Task details: Repeat the data that follows verbatim. Images are not part of the copy.

Record extracts:
• • •

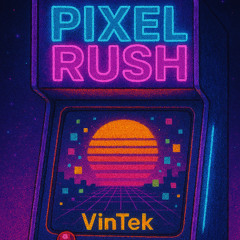 Pixel Rush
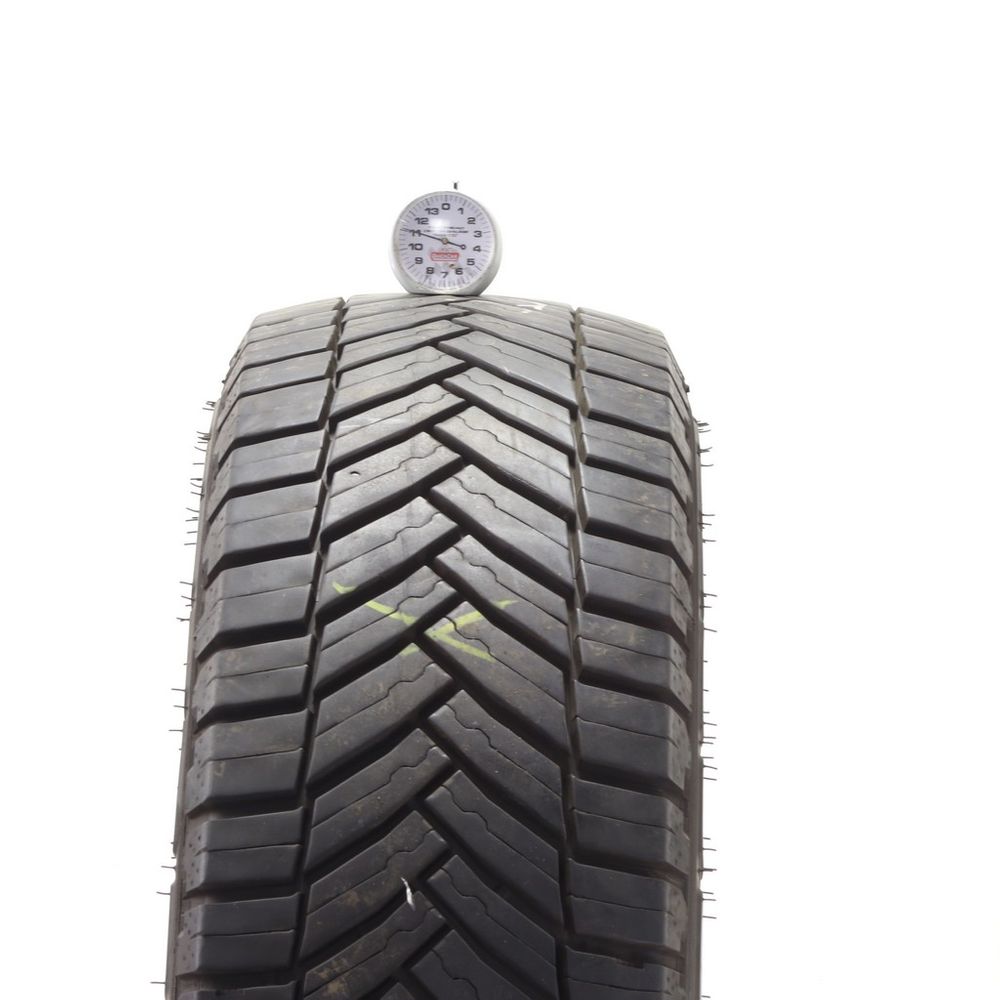 Used 225/75R16C Michelin Agilis CrossClimate  121/120R - 11/32 - Image 2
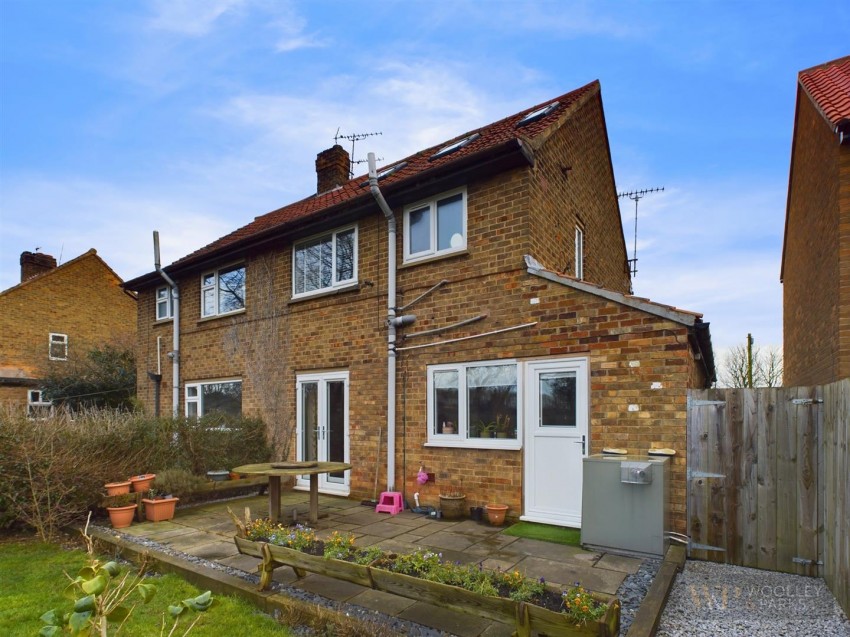 Images for School Lane, Kilnwick, Driffield EAID:wooleyapi BID:1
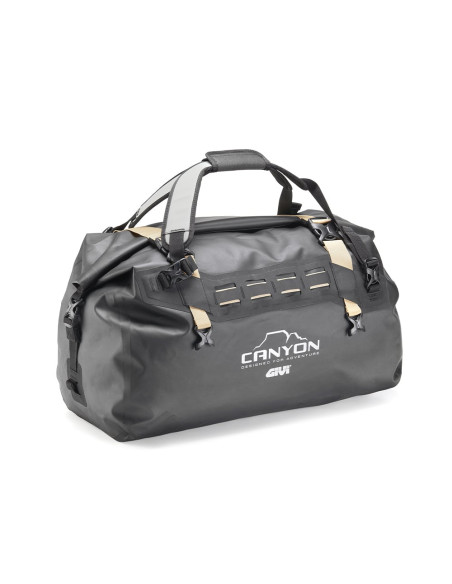 Sac de selle Givi GRT712C - 40 Litres
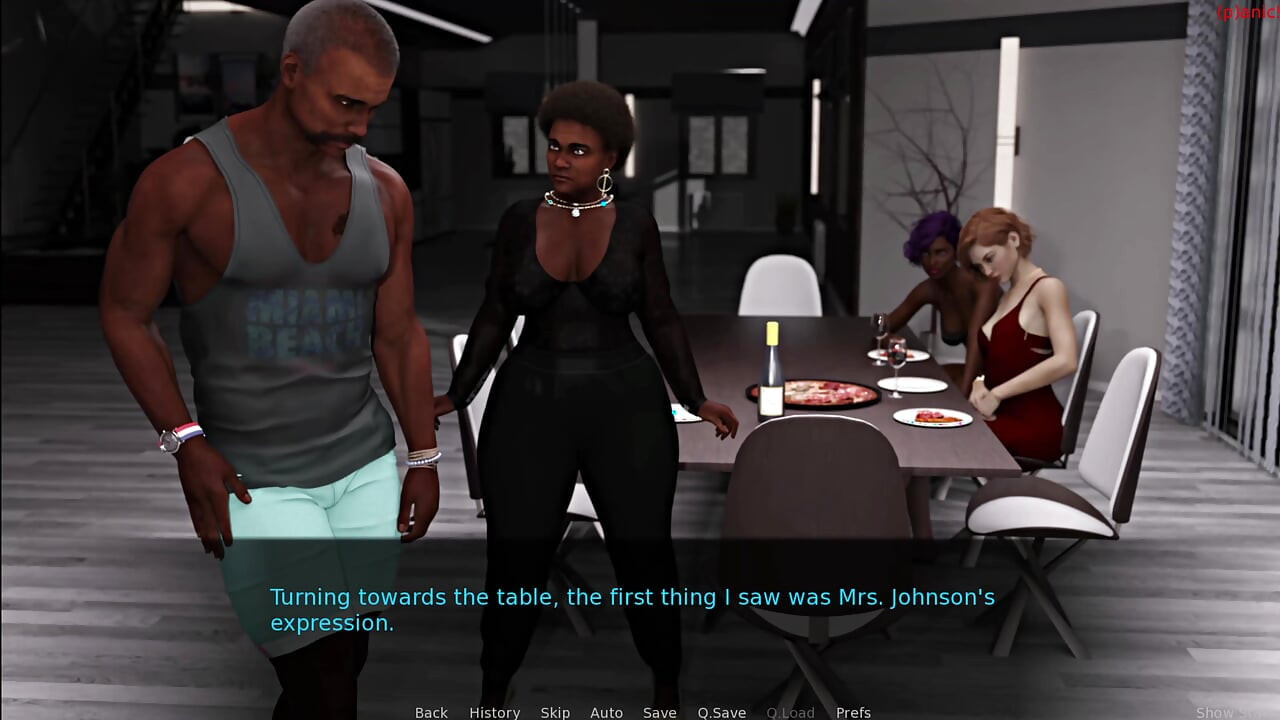 Pineapple Express 10 Jasmine Made Me Come Out with the Thruth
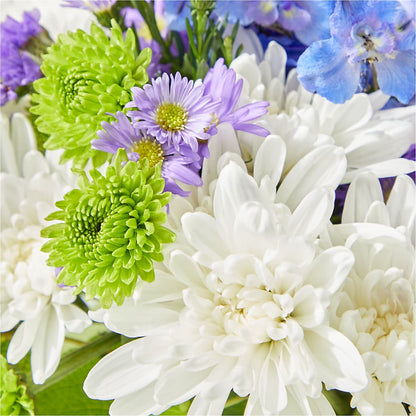 Genuine Gestures Bouquet –  Blooms By The Lake, Lake Arthur LA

• • •

Result of this task:
 Pixel Rush
 Used 225/75R16C Michelin Agilis CrossClimate  121/120R - 11/32 - Image 2
 Images for School Lane, Kilnwick, Driffield EAID:wooleyapi BID:1
 Sac de selle Givi GRT712C - 40 Litres
 Pineapple Express 10 Jasmine Made Me Come Out with the Thruth
 Genuine Gestures Bouquet –  Blooms By The Lake, Lake Arthur LA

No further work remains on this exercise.